Habillé à l’européenne, mais avec des tissus qui évoquent le bogolan, l’étoffe de prédilection des chasseurs ouest-africains, et coiffé d’un chapeau aux larges bords, le Bissau-Guinéen Ramiro Naka ne passe pas inaperçu. Son domaine d’expression principale demeure la musique, mais l’homme aime tous les arts. Comédien, il fut le protagoniste du célèbre film de sa compatriote Flora Gomes, Po di Sangui (L’Arbre aux âmes, en français), qui fit la surprise du Festival de Cannes en 1996, dont il a composé aussi la bande-son. Personnalité extrovertie, il manie aussi les pinceaux, et ses dessins au style naïf, tout comme ses chansons, sont empreints d’un lyrisme naturaliste. L’artiste sait également se faire conteur, auteur illustrateur de la bande dessinée pour enfants Kali et la calebasse.
Bref, Ramiro Naka est sans conteste l’ambassadeur de la culture d’un pays ravagé par des putschs militaires à répétition et par l’emprise des narcotrafiquants sur les élites politiques et l’armée.

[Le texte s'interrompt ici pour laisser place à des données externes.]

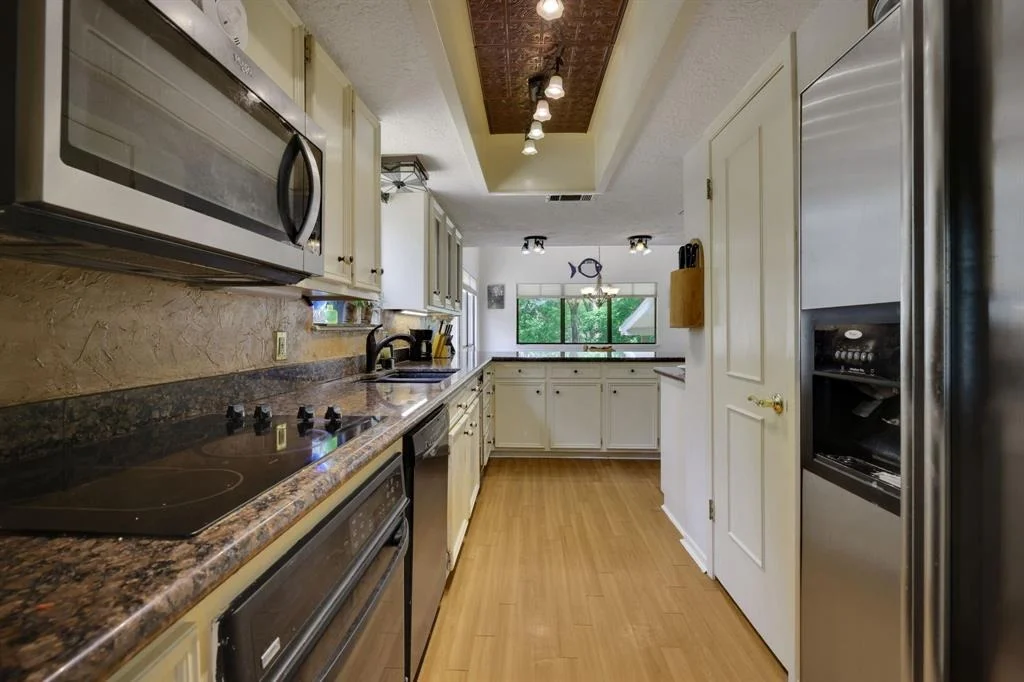 Photo of 81 Edgewater Lane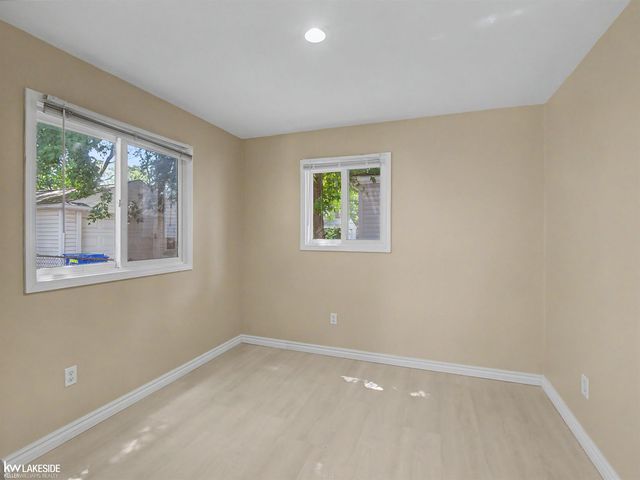 21106 Atlantic Avenue, Warren, MI 48091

La musique, il la pratique en professionnel depuis l’âge 17 ans lorsque, après avoir abandonné les études au plus grand désespoir de son père, Gomez Diaz, il intègre le Cobiana Djaz. Cette formation est la première du pays à utiliser une forme locale de créole aux influences portugaises, le crioulo, proche de celui du Cap-Vert, de la Casamance et… de l’île de Curaçao.
Après une courte parenthèse au Portugal – il y fonde le groupe Sama Minyendo –, Naka poursuit sa carrière en France, où il débarque en 1980. Il s’installe ensuite à Montreuil, en banlieue parisienne. Trente ans après nos premières rencontres à l’occasion de ses concerts ou de la parution de ses albums (Salvador, Renascimento du Gumbe, Le Meilleur de Naka, Gumbe blues kreol, parmi d’autres), nous retrouvons ce musicien au hasard d’une soirée, au restaurant afro-caribéen Kamukera, dans le 13e arrondissement de Paris.

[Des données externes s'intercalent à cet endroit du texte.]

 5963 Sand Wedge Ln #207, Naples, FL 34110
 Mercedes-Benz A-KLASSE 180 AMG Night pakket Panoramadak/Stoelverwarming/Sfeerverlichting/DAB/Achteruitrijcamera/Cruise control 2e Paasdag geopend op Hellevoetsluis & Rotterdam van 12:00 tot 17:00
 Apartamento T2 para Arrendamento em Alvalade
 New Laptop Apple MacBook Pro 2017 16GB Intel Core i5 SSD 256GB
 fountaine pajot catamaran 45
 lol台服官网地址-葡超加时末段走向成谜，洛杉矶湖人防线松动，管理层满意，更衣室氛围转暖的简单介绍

L’homme est aujourd’hui plus « réservé », davantage impliqué dans l’effervescence de son jeu de guitare et l’exubérance d’un chant aux couleurs métisses, mais nous avons reconnu sans problème la silhouette d’athlète de l’ancien sprinter lisboète, son regard fier et l’éternel cauri qui pend sur son front.
Quelques jours après, au siège d’Afrique Asie, Ramiro s’assoit en entonnant une mélodie… C’est du fado, genre national portugais, histoire d’évoquer les racines plurielles de son gumbe natal, le style de la Guinée-Bissau dont il est le porte-drapeau à l’étranger. Ramiro prépare son départ pour Bissau, où son association Nakasadarte, lancée en 2005, promeut le festival Gumbemusyka. La manifestation en est à sa 4e édition et est programmée, cette année, le 24 novembre.
« À l’affiche, il y aura la crème des artistes locaux, comme Atanacio, Justin Delgado ou Rui Sangara, plus d’autres venant du Cap-Vert et d’Angola notamment, nous confie Ramiro. Nous voulons promouvoir la culture nationale, car l’art est la défense de la tradition. Mais notre action a aussi des motivations sociales. Nous nous battons pour que la treizième mensualité soit accordée aux musiciens ; c’est une manière de lutter contre l’immigration clandestine. Nous faisons tout cela avec les moyens du bord. Personne ne nous aide. L’instabilité règne dans notre pays et nous n’avons pas essayé d’impliquer les hommes politiques. » Personne ne s’en plaindra. Avec sa belle affiche artistique doublée d’une conscience sociale, Gumbemusyka a trouvé son public sans compromissions.